Multi-Modal Locomotion Mode Recognition in the Real World for Robotic Hip Complex Exoskeletons
Hyesoo Shin, Sangdo Kim, Sunwoo Kim, Jongwon Lee, Jinkyu Kim, KangGeon Kim
AI summary
Problem
Single-sensor locomotion mode recognition systems struggle to generalize across users and degrade when assistive torque alters joint kinematics, hindering safe and effective real-world exoskeleton control.
Approach
The authors propose a lightweight multi-modal recognition system that combines proprioceptive (mechanical/IMU) and visual (RGB camera) data using intermediate and late fusion strategies, evaluated on a novel outdoor dataset.
Key results
- 11.7% average accuracy improvement over single-modal baselines
- Visual data enhances cross-user gait generalization
- Mechanical data ensures high intra-class recognition consistency
- Novel synchronized mechanical-visual outdoor dataset released
Why it matters
Enables more robust and adaptive real-time control for lower-limb exoskeletons, advancing wearable robotics for assistive healthcare applications.
Abstract
Lower limb exoskeletons assist users by supporting joint movements.

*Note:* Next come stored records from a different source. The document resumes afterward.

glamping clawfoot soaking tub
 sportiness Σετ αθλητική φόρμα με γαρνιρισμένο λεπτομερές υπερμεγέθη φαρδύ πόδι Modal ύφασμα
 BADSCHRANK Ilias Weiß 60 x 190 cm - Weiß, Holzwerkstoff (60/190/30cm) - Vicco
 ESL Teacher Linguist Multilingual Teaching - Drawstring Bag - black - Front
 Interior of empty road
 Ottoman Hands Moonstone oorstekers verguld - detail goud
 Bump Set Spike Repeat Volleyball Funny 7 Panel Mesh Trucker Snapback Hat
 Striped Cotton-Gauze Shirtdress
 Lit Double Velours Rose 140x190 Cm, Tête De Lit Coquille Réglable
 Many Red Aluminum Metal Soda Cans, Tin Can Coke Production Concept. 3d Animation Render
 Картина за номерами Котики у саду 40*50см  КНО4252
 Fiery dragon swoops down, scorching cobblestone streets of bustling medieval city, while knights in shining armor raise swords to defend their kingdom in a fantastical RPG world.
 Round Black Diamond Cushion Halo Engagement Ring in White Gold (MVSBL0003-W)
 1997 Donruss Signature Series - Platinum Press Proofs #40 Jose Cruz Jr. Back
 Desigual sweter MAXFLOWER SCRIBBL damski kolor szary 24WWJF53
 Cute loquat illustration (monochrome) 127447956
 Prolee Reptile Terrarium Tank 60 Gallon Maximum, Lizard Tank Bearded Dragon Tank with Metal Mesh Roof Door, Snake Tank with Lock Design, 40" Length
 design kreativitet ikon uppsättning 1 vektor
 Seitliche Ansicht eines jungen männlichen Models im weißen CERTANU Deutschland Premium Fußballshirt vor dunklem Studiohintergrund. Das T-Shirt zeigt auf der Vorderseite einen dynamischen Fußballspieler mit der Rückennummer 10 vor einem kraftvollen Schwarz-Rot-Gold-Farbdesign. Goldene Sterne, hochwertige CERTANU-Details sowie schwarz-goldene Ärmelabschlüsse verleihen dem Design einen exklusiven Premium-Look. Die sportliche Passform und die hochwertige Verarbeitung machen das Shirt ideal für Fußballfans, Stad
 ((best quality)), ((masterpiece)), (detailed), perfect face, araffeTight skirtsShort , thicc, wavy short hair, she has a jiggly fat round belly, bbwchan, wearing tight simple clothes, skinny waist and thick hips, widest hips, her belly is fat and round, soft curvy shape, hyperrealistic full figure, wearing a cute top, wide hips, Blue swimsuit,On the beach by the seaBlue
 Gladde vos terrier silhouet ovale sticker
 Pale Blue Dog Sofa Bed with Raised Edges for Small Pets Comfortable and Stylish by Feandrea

Since joint motion patterns vary depending on how the user moves, accurately recognizing the type of movement (locomotion mode) is crucial for controlling the ex- oskeleton and ensuring user safety. Inspired by how humans use multiple types of sensory information to control movement, we developed a multi-modal locomotion mode recognition (LMR) system that uses both mechanical and visual sensor data to identify locomotion modes. Our approach utilizes two fusion methods: intermediate fusion, which combines the data in the form of features, and late fusion, which integrates the sensor data by averaging the recognition results from each sensor. By fusing these two different modalities, the prediction accuracy improved by an average of 11.7% with the test data. Through comparisons with uni-modal LMR systems that rely on a single type of sensor data for locomotion mode recognition, we found that the improved performance of the multi-modal LMR system is due to the visual information’s ability to generalize different gait patterns across users and the mechanical sensor data’s consistency within the same classes.